UNA TESTIMONIANZA DEI CAMPI DI CONCENTRAMENTO PER NON DIMENTICARE
Marcello Martini sopravvissuto a Mathausen
APRILE 2004
GIANNI FERRARO
Organizzato dai prof. Claudio Savant e Gianni Broglio si è svolto nell’aula magna dell’Istituto Cena di Ivrea l’incontro degli studenti con il più giovane deportato politico di Mathausen, il dr. Marcello Martini. Una conferenza di alto valore storico per acquisire dal vivo la conoscenza di quei tristissimi luoghi di sofferenza fisica e morale, i campi di concentramento della Germania nazista, di cui Hitler ne fu l’artefice fin dal 1933 inaugurando il primo campo di Dakau a soli 50 giorni dalla sua salita al potere.

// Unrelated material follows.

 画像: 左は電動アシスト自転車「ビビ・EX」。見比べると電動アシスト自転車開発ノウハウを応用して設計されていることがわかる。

Spiega Martini: «Era mostruosamente efficace ed organizzata: dal 1933 al 1945 uccise quasi 12 milioni, di cui la metà ebrei e l’altra metà oppositori politici. Fame, freddo, lavoro fino allo stremo, camere a gas, percosse e brutalità di ogni genere riducevano le persone a vere larve umane pronte per il crematorio. La vita media nei lager KZ, riservati ai deportati razziali e politici, era accuratamente calcolata dai tre ai sei mesi! Nulla era lasciato al caso: precise tabelle indicavano quanti marchi doveva rendere un deportato prima di morire. Come schiavi affittati principalmente alle fabbriche di armi i prigionieri dovevano servire con le loro vite ad incrementare le casse della “grande Germania” fornendo anche con i loro cadaveri sostanziosi proventi: dall’oro delle protesi dentarie ai capelli delle donne utilizzati quale isolante nei sommergibili fino alle ossa polverizzate come concime, nulla veniva sprecato!».

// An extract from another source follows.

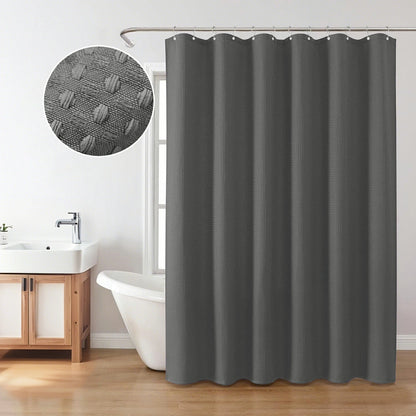 Solid Waffle Weave Shower Curtain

Marcello Martini, sopravvissuto a Mathausen, fu proprio uno di questi prigionieri politici: nato a Prato nel 1930, catturato dai tedeschi il 9 giugno del 1944 alla giovanissima età di 14 anni fu internato nel tristemente noto campo di concentramento. Tra i pochi superstiti italiani (5mila su 40mila) che scamparono miracolosamente allo sterminio sistematico programmato dai nazisti racconta la sua terrificante esperienza catalizzando l’attenzione dei giovani studenti con il suo parlare ironico, spontaneo e gioviale, condito da sarcastico umorismo nel descrivere la bruciante cruda realtà.

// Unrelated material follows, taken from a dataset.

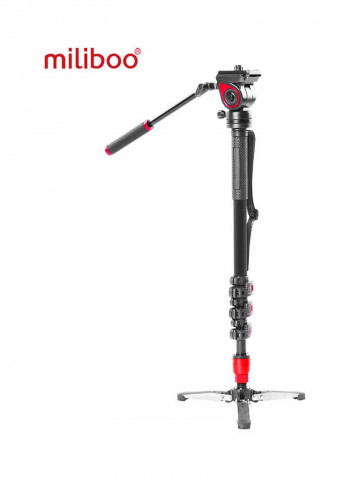 Photography Monopod With Detachable Tripod Base 144cm Black/Red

«Sveglia alle 4 per il primo appello con un’abbondante colazione di aria fredda, una seconda conta di controllo dei prigionieri nel cortile in qualsiasi condizione atmosferica. Poi per sgranchirsi la lunga giornata di 12 ore nei luoghi di lavoro con un intervallo di 20 minuti a mezzogiorno per trangugiare un litro di brodo di rape. Alla sera nelle baracche un’abbondante razione (150 grammi) del saporitissimo pane, composto da una piccola parte di frumento con tanta segatura, e 24 grammi di margarina per non appesantire lo stomaco». Questo speciale soggiorno durò ben 12 mesi con la sola possibilità di un cambio di vestiti: finalmente la liberazione il 5 maggio 1945! Una storia i limite dell’impossibile, ma totalmente veritiera con la testimonianza incredibile, ma reale per non dimenticare la follia dell’uomo con gli autori e le cause di questo immane massacro.